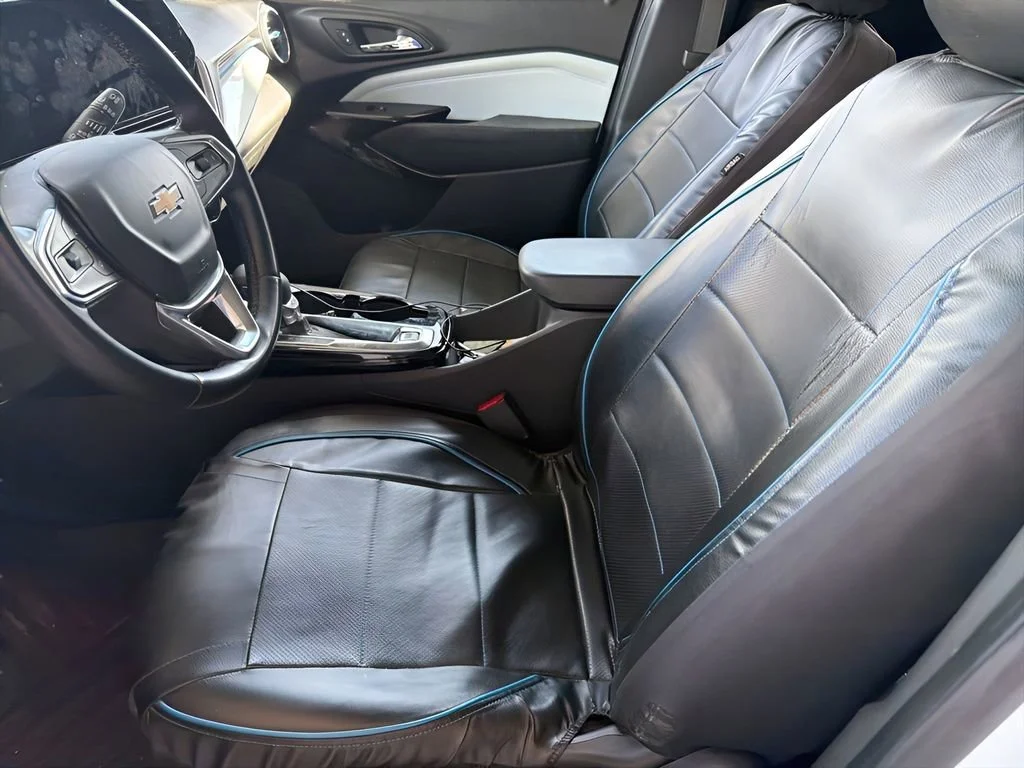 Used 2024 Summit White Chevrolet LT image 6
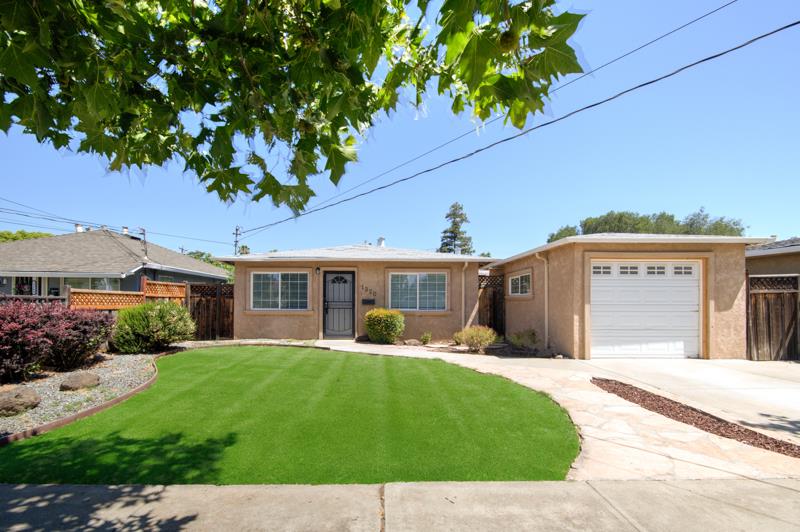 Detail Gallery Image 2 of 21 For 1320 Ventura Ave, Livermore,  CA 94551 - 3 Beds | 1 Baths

-------

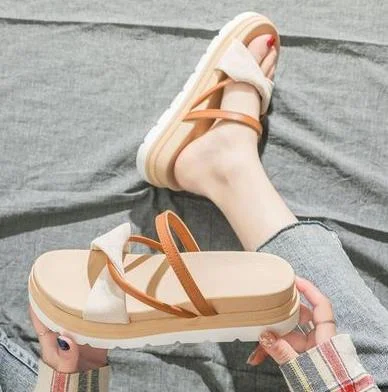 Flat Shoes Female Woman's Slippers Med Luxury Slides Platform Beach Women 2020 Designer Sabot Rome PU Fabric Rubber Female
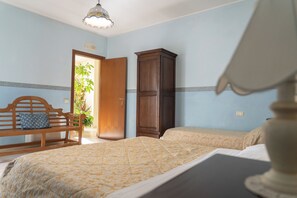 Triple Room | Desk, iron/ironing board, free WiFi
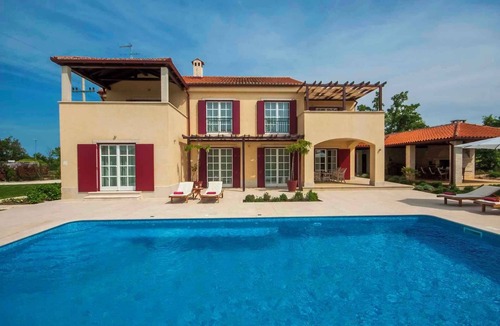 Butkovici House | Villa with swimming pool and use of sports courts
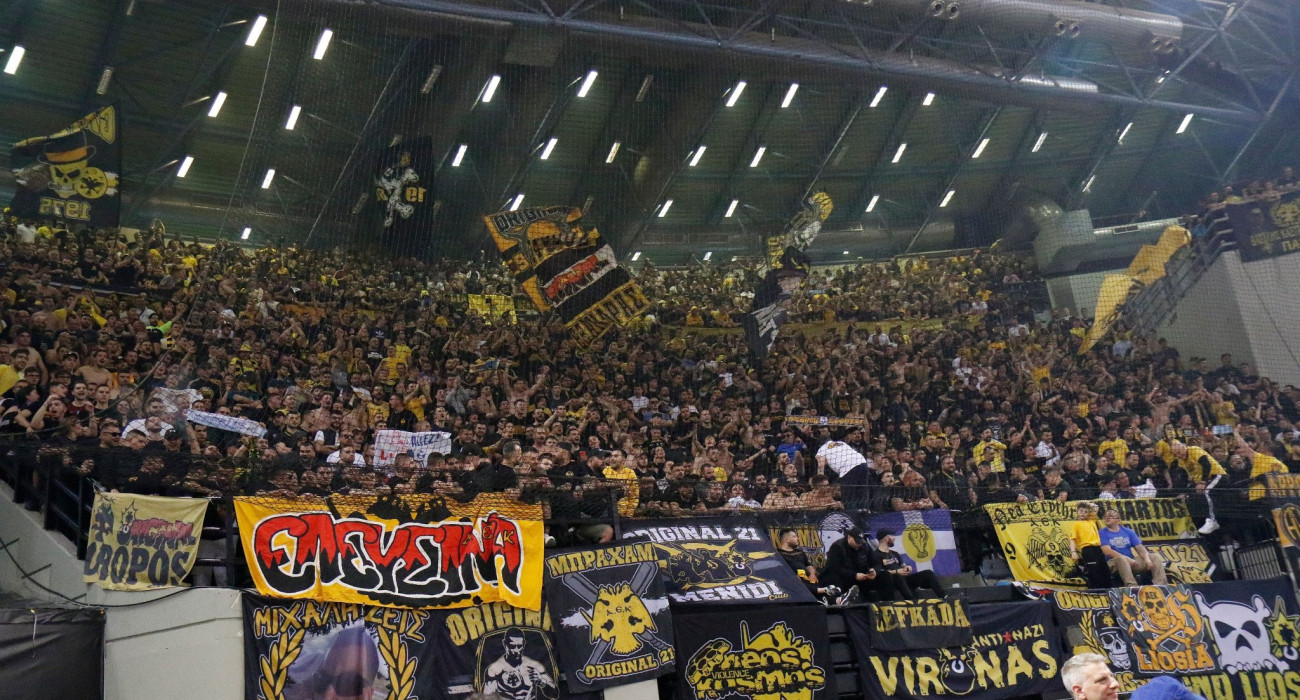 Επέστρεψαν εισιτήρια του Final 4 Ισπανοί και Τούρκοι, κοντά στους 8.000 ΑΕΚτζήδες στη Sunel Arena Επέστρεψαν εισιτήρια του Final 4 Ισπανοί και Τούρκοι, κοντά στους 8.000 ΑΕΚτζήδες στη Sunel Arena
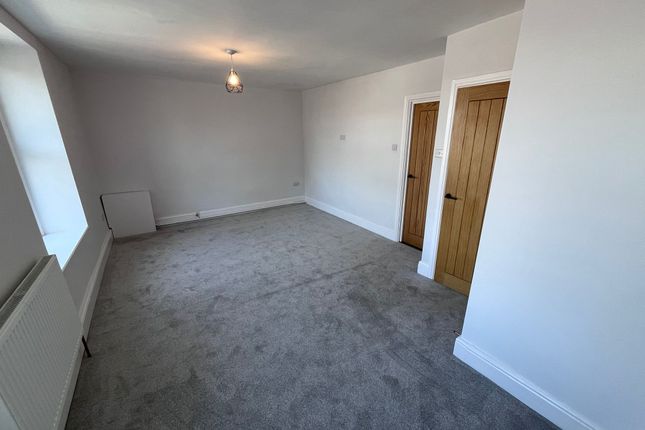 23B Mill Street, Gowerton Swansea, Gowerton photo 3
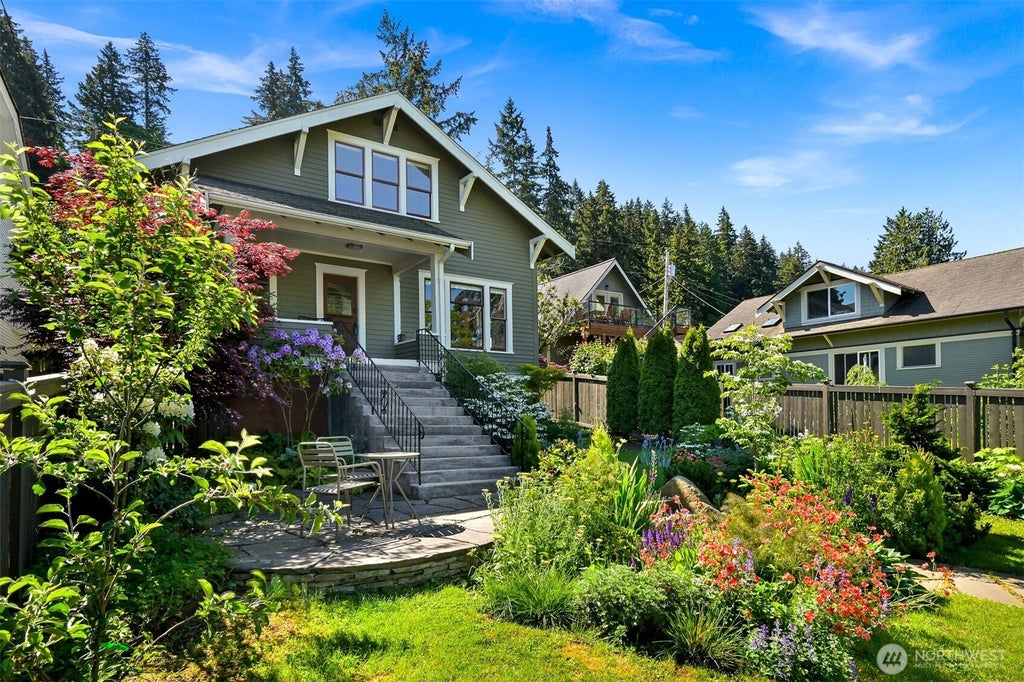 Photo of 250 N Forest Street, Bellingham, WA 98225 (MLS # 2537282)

-------

**PROBLEM DESCRIPTION**
Nothing but the lines from the one containing "Sunel Arena Επέστρεψαν" through the one containing "Photo of 250" should appear, copied exactly from the material above and without pictures.

**RESPONSE TO THE EXERCISE**
 Επέστρεψαν εισιτήρια του Final 4 Ισπανοί και Τούρκοι, κοντά στους 8.000 ΑΕΚτζήδες στη Sunel Arena Επέστρεψαν εισιτήρια του Final 4 Ισπανοί και Τούρκοι, κοντά στους 8.000 ΑΕΚτζήδες στη Sunel Arena
 23B Mill Street, Gowerton Swansea, Gowerton photo 3
 Photo of 250 N Forest Street, Bellingham, WA 98225 (MLS # 2537282)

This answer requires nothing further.